The turbine disk is a critical part of modern aircraft engines. The continuously increase in engines sales and the always tighter quality specifications have led the rotor disks producer SAFRAN AICRAFT ENGINES to invest 20 M€ in its disks factory of Le Creusot in BFC. Similarly, SAFRAN launches an ambitious scientific project for the modeling of a complex machining operation: the broaching of the slots used for the blades attachment. Broaches are specially designed tools for a unique slot shape, they are very sensitive and can jeopardize the engine manufacturing because of:

• – A lack of knowledge on the process;
• – Expensive and time-consuming design;
• – Short tool life time (only 7 parts commonly) due to uncontrolled parameters;
• – New super-alloys with low machinability.

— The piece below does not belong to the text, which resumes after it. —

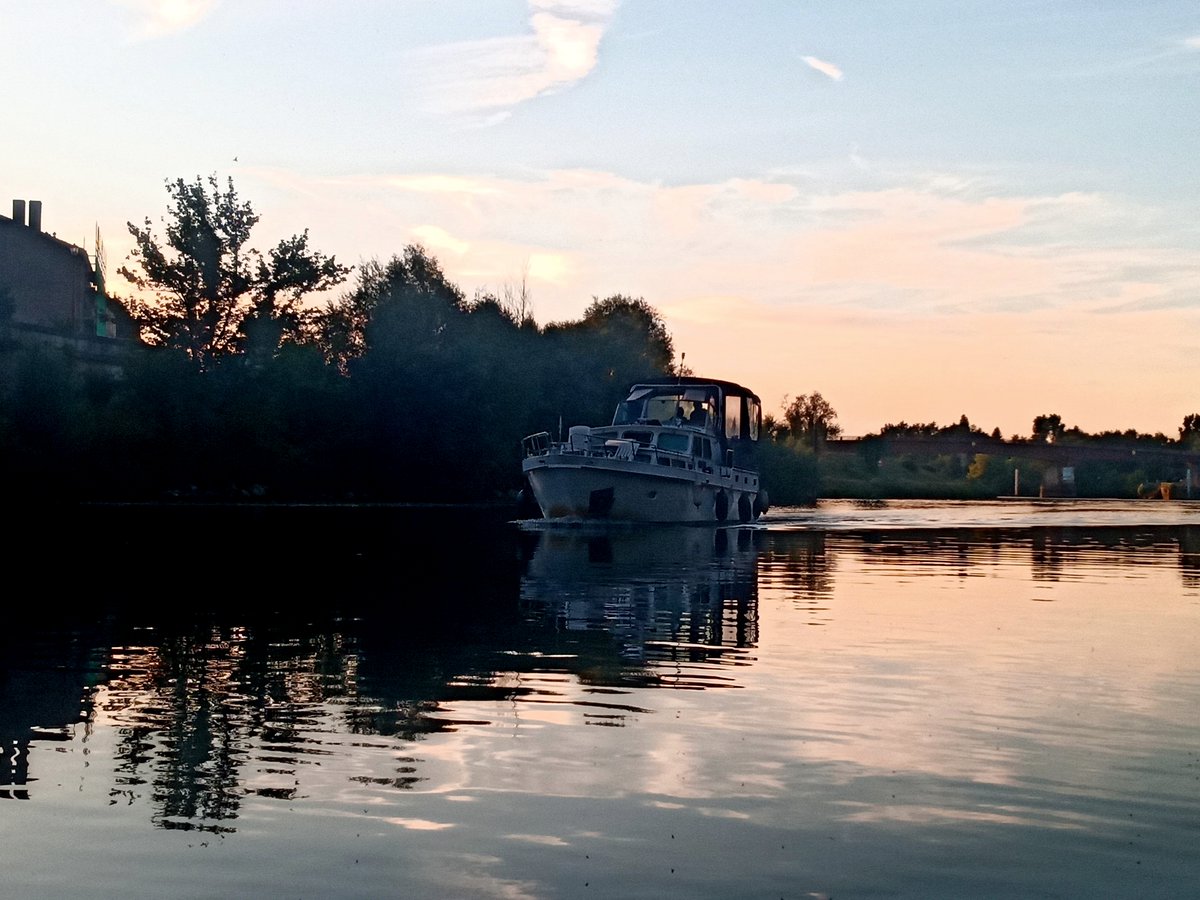 Préfet de Saône-et-Loire tweet media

To keep its international competitiveness, SAFRAN needs models and methodology to design the novel and upcoming generations of broaches. The previous research works on the subject between SAFRAN and ENSAM Cluny has enabled to define an ambitious research project to keep the industrial breakthrough and competitiveness.
The control of the broaching operation will be obtained by the numerical modeling of the whole process. Firstly, it will be necessary to work on a single broach tooth to be able to model the local mechanical loading. To do so, the present project will develop an innovative in-situ methodology for the inverse determination of constitutive laws of materials subjected to thermomechanical loads under the cutting edge. This project associates the LaBoMaP for its recognized knowledge on difficult-to-cut materials and constitutive/damage laws identification involving for instance Ultra High Speed Camera combined with Digital Image Correlation and inverse modeling.
In a second phase, the influence of the tool wear on the surface integrity will be modelled as it is a critical parameter for the disks in service life expectancy. From the previous local analysis, a global modeling will be set up to design the whole broaching process with the precise definition of cutting angles and teeth progress.
This project aims to provide a demonstrator able to model the broaching operation and guidelines the design work of the future broaches.

Coordinator :
Gérard POULACHON
LABOMAP – EA 3633 (Arts et Métiers – ParisTech)

General conclusion:
Numerical simulation is an indispensable tool in understanding physical phenomena and improving metal cutting. Until now, these tools used approximate constitutive laws, since they were obtained from tests whose speeds and temperature variations were orders of magnitude lower than industrial practice. The challenge of the DISC thesis was to make the cutting test, an in-situ test of thermomechanical characterization of the material. This very upstream study was based on one of the cutting-edge experiments (coupled visible camera and high-speed infrared) and on the development of innovative algorithms and inverse methods. These constitutive laws have been implemented to allow the development of tools to help design cutting tools geometries in planing operations for advanced industrial applications (BOOST thesis). The scientific methodologies have been implemented on Inconel alloys. Their importance is highly strategic for the laboratory, which is currently launching a thesis on the generalization of the methodology and is investing in an ultra-fast experimental cutting bench.